O Rei Filipe VI de Espanha vai voltar a reunir-se com os partidos políticos a 24 e 25 de outubro para mais à frente escolher um deles como candidato a Presidente de Governo. Este é o primeiro passo naquele que pode ser o derradeiro processo para ser encontrada a solução de Governo que escapa ao país desde o final de 2015.

Segundo o El País, “o mais provável” é que o debate de investidura aconteça no dia 27 de outubro, caso o Filipe VI designe alguém para tentar obter a aprovação da sua solução de Governo pelo Congresso dos Deputados. Uma vez que a primeira votação deverá ser mais do mesmo — para ser aprovado nessa fase, há que ter maioria absoluta, algo que já foi provado ser impossível no atual clima político —, será necessário fazer uma segunda votação — onde basta uma maioria simples para formar governo. Esta segunda votação deverá acontecer a 29 ou a 30 de outubro.

E não poderá passar muito para além disso. Caso contrário, há novas eleições. Isto porque o prazo para formar Governo é 31 de outubro (dois meses depois da primeira votação, de agosto, em que Mariano Rajoy e a sua proposta foram chumbados). Se até lá não houver consenso, Espanha terá as suas terceiras eleições no espaço de um ano.

Caso Filipe VI volte a indicar Mariano Rajoy como candidato a liderar o próximo Governo de Espanha, este só será aprovado se houver uma alteração do voto de pelo menos alguns dos parlamentares dos socialistas do PSOE.

PSOE vai debater como vota; catalães ponderam romper disciplina de voto

A braços com uma crise interna — que culminou da demissão do secretário-geral, Pedro Sánchez, cuja liderança foi substituída por uma direção interina —, a atual liderança dos socialistas já disse que poderá viabilizar um Governo a Mariano Rajoy, mas não a qualquer preço.

Para já, o líder da gestora (nome atribuído à liderança temporário dos socialistas espanhóis), Javier Fernández, disse que “o PSOE poderá consentir a investidura, mas não vai proporcionar estabilidade” a um Governo do Partido Popular. “Vão ter de ganhá-la, terão de procurar estabilidade dia após dia”, disse.

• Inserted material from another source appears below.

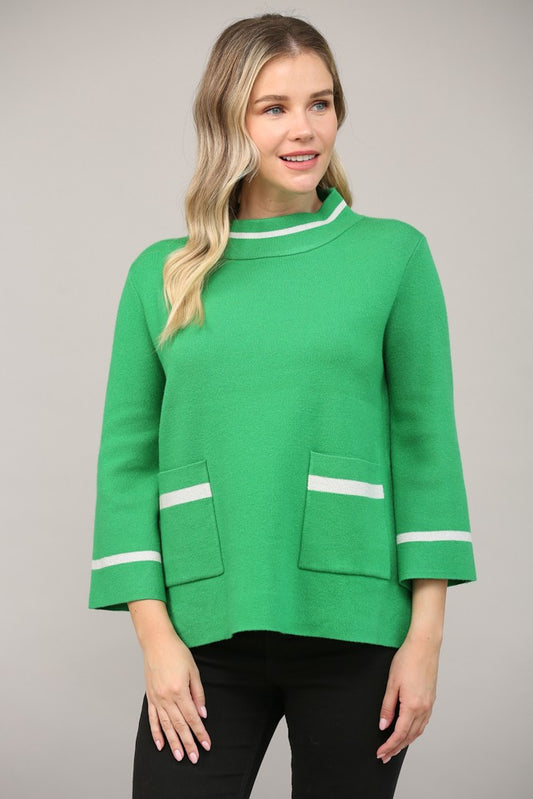 Green Contrast Yarn Mock Neck Sweater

Até agora, os socialistas ainda não decidiram qual vai ser a sua orientação de voto numa hipotética sessão de investidura a acontecer até ao final de outubro. Essa decisão deverá acontecer a 23 de outubro, segundo o El País, numa reunião do Comité Federal que acontecerá depois de Javier Fernández se reunir com os líderes regionais do PSOE em todo o país.

Até lá, há que esperar pelas eleições primárias do PSC, o ramo do PSOE na Catalunha. E os sinais enviados até agora são pouco amigos de um entendimento, uma vez que os dois candidatos (Miquel Iceta e Núria Parlon) já disseram que são contra uma abstenção para na prática permitir uma solução de Governo a Mariano Rajoy. “O PSC não pode aparecer ao lado PP, nem que seja abstendo-se”, disse Iceta. “Nós não vamos mudar a nossa posição. Espero que o PSOE tenha a inteligência política necessária para não mudar”, adiantou Parlon. Assim, ambos parecem estar dispostos a furar a disciplina de voto do PSOE central.

Veja o calendário político das datas mais importantes da política espanhola:

  • 15 de outubro – Primárias do PSOE da Catalunha (PSC)
  • 23 de outubro – Reunião do PSOE para decidir orientação de voto
  • 24 e 25 de outubro – Reuniões do Rei Filipe VI com partidos
  • *27 de outubro – Debate de investidura
  • *28-29-30 de outubro – Primeira e segunda votação de investidura
  • 31 de outubro – Data limite para formar Governo e evitar terceiras eleições

* Estes dois passos só serão dados caso Filipe VI decida indicar algum candidato para ser aprovado pelo Congresso dos Deputados. Desde as eleições de dezembro de 2015, o Rei indigitou Mariano Rajoy duas vezes (em janeiro, proposta que Rajoy recusou; em julho, quando Rajoy aceitou) e escolheu Pedro Sánchez numa ocasião (em fevereiro). Em abril, depois de novas consultas, decidiu não indigitar nenhum candidato e convocar novas eleições.